IF MUSIC IS A POWERFUL LANGUAGE AND A GREAT TOOL FOR SOCIAL AND CULTURAL LIBERATION IN TERRITORIES WHERE PEOPLE NEED TO FIGHT FOR IT, IT’S A TOTALLY DIFFERENT STORY WHEN IT COMES TO TRANSPOSE IT OUTSIDE OF THE COMMUNITY.
What about the objective to “discover the music of the real world as it is made and experienced in our times”? This is a very opportune idea today, when world music projects keep on reaching the European coasts, all conceived and shaped by the producers to please Westerners’ ears. Even in FMM Sines, a good amount of the artists seem to be shooting themselves in the foot, when playing the part of the “good colonized people”. They turned their music smoother for the big stages and audiences of the festivals, and they deliver peace and fraternity messages that ring hollow in front of such spectators already won over to their cause. Sometimes, it even sounds naive and simple. Even the big names fall into this trap: Tiken Jah Fakoly, BCUC (“Call a friend today and tell him you support him”), Oumou Sangaré, Fatoumata Diawara (“I sing for the children”), Mário Lúcio (“Let the children play, and the adults will stop waging war”).
If music is a powerful language and a great tool for social and cultural liberation in territories where people need to fight for it, it’s a totally different story when it comes to transpose it outside of the community. It tends to lose its value and is forced to mutate into a simpler and easier form for mainstream foreign audiences. This very trap is often conceived by the audience themselves, who were brought up with the idea that music creation can fit into a capitalist economic frame, the aptly named “music industry”.
When it comes to localized music practices with a strong and identified social function, their reception in festival with a distinctive artists / spectators scheme just come to a sudden end. It was the case for the banga trance of Ifriqiyya Électrique, who usually perform in the streets and people’s houses. This is a key ritual ceremony of adorcism for the Tunisian Djérid communities, used in case of diseases and weddings, to which all the inhabitants need to participate. But here in Sines on the big stage next to the beach, the musicians stand 2 meters above and 3 meters away from the crowd, while a big screen broadcast footage of the ceremonies that took place the precedent year in Africa, 2 000 km south of Portugal. When asked for their feedback during our interview, the Tunisian musicians used the term “show” to describe their performance, a word they say they never use for what happens inside their community. The same happened for Parvathy Baul’s mystic trance, who performed a ritual that belongs to the nomad Bengali minstrels, nicknamed “the mad” (“bâul”) and treated as outcastes. In order to earn their living they play in trains, in the streets and on the floor. The Indian woman’s performance in FMM Sines took place in a comfortable and modern auditorium with deep velvet armchairs, with no light but a focus on the musician, artificially turning the whole show into a dramatic moment.

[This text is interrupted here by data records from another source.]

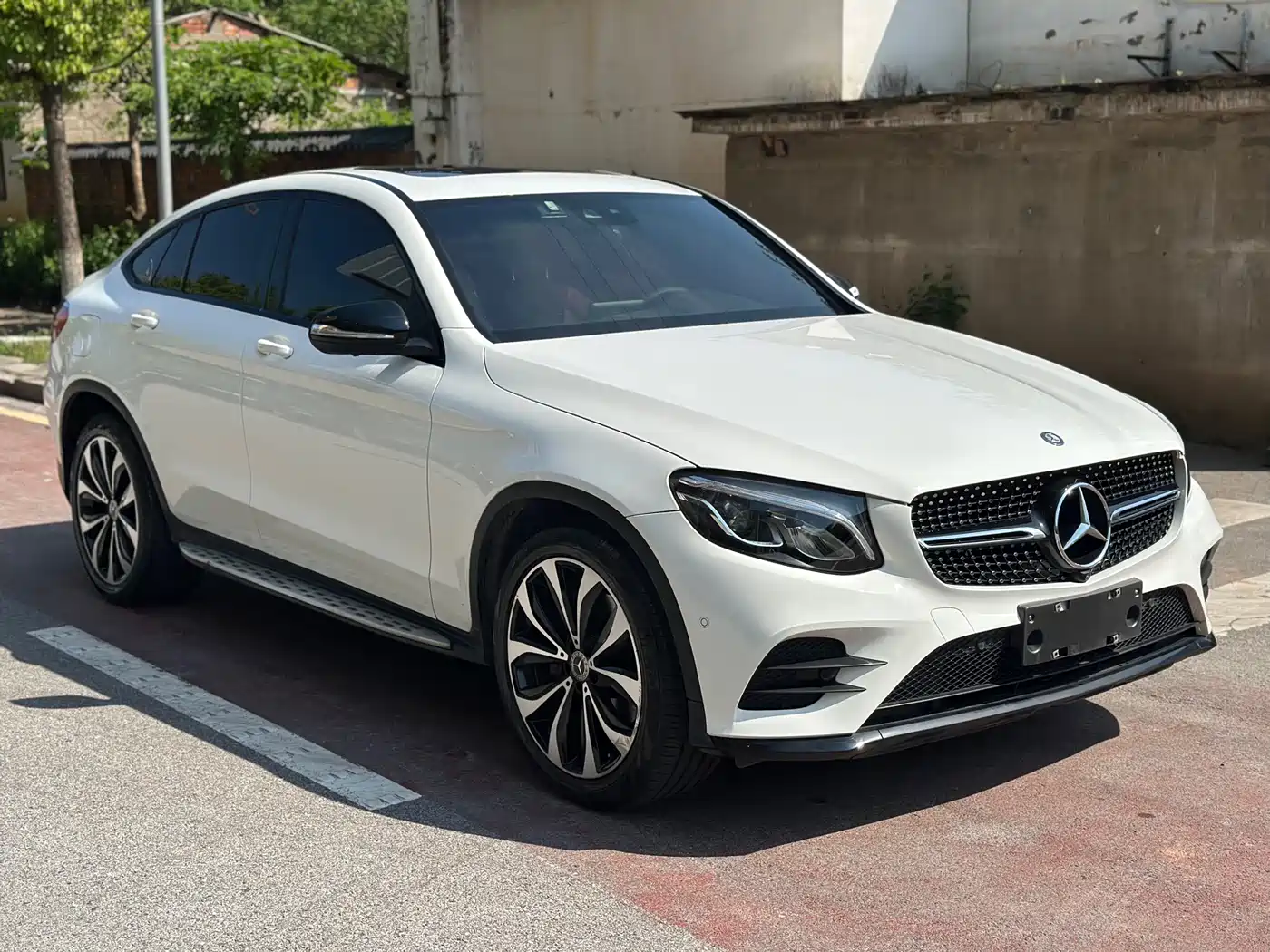 Mercedes-Benz GLC Coupe 2017 GLC 260 4MATIC Coupe SUV фото 3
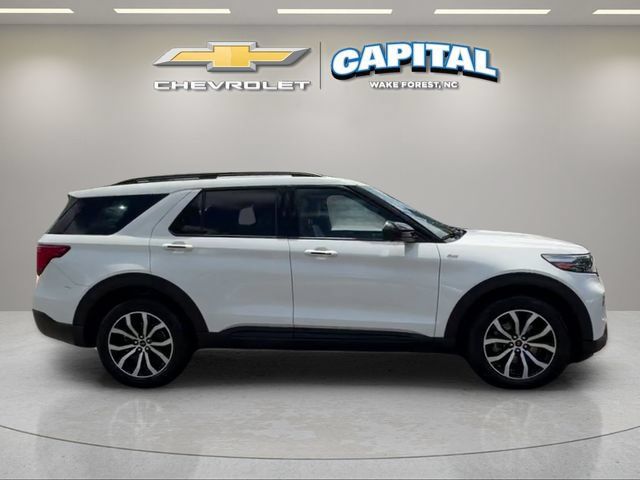 Used 2022 Ford Explorer ST-Line w/ Class IV Trailer Tow Package RWD image 7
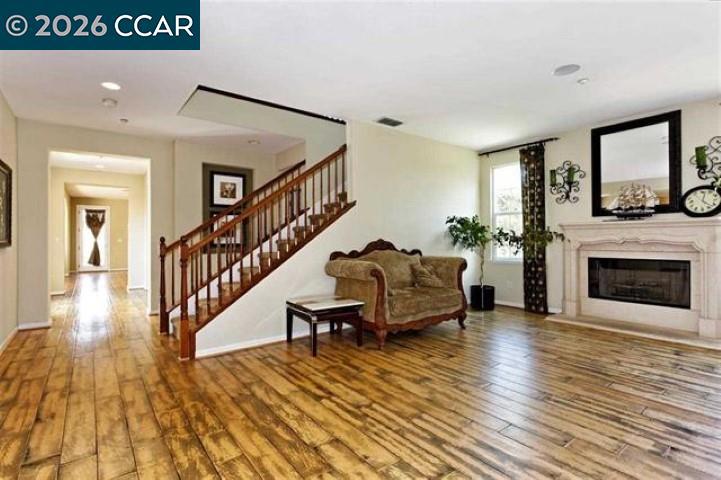 2377 Boulder St Property Photo 4
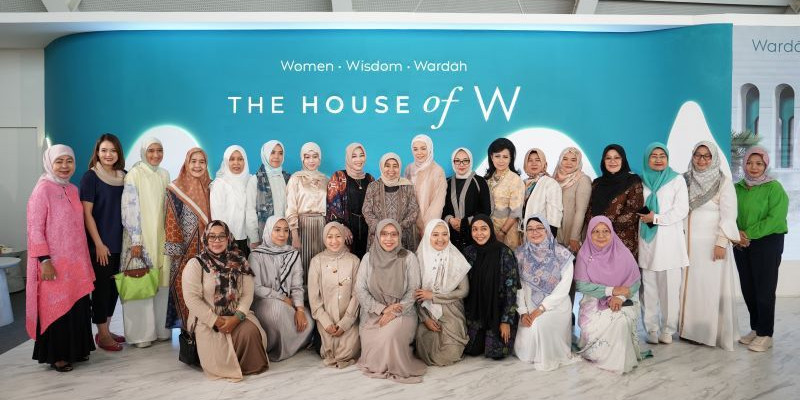 Sesi foto Farah.id bersama pendiri Wardah, Nurhayati Subakat/ParagonCorp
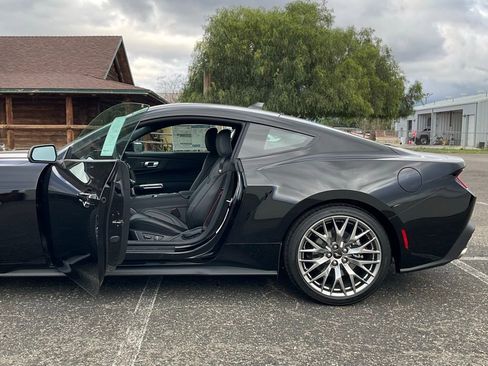 New 2026 Ford Mustang Premium image 35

IT REPRESENTS A SALUTARY INITIATIVE SO PEOPLE KEEP THEIR MINDS AND EARS OPEN TO MUSIC FROM THE WHOLE WORLD, AND A POSITIVE PATH TO TRY AND BREAK THE COLONIAL SYSTEM THAT THE WESTERN COUNTRIES CREATED FIVE CENTURIES AGO AND HAVE PATIENTLY IMPROVED UNTIL NOW.
It’s not that easy to escape the trap of world music when the artists travel far from their community or territory. So even if the festival offers “music with a spirit of adventure” – as their slogan reads – it can only show a musical snippet of why and how these rhythms and melodies were originally produced. Still, it represents a salutary initiative so people keep their minds and ears open to music from the whole world, and a positive path to try and break the colonial system that the Western countries created five centuries ago and have patiently improved until now. If one can acknowledge the fact that non-Western forms of culture still exist today and have survived centuries of oppression, we seem to be on the right path.